The Turkish Lira nosedived against the U.S. dollar on Monday, as Turkey’s President Recep Tayyip Erdogan has fired the Governor of the central bank following his refusal to cut interest rates to help stimulate economic growth.
The Lira reached as low as 5.7849 against the greenback, falling around 2.9 percent from last week’s closing quote of 5.6228. Should the Turkish falls further, 6.5 is likely seen as its next support level.
So far this year, the currency had lost around 12.3 percent of its value against the dollar.
Governor Murat Cetinkaya, who has seen serving since April 2016, was dismissed on Saturday without giving reason for the move. Erdogan has repeatedly criticized Cetinkaya for high interest rates and called to lower interest rates to stem inflation.

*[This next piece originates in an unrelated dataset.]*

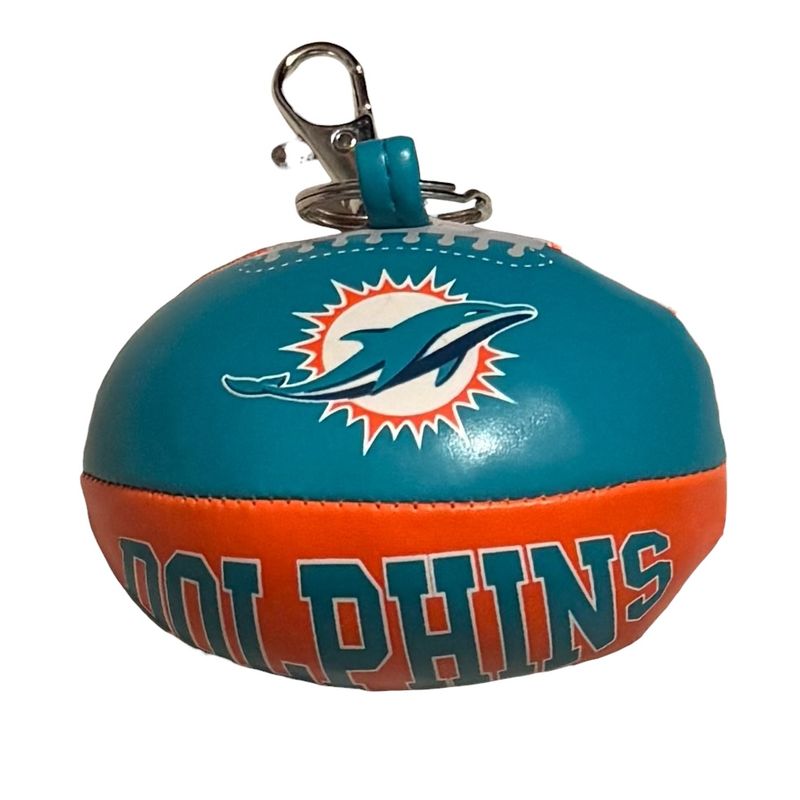 Miami Dolphins Softee Football Keychain Miami Dolphins Softee Football Keychain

The benchmark interest rate has been on hold at 24 percent since last September to support the plunge in the lira currency.
Cetinkaya’s dismissal sparked worries about central bank independence, which is vital for a stable economy.
Cetinkaya was replaced by Deputy Governor Murat Uysal, who is known as a dovish member of the bank’s interest rate setters.
In a statement on Saturday, the central bank said that it would “continue to independently implement monetary policy instruments.”
Uysal stated that the Bank’s communication channels would be utilized at the maximum level in order to achieve the price and financial stability goals.
The central bank’s monetary policy meeting is due on June 25, with economists widely expecting a rate cut to shore up the economy.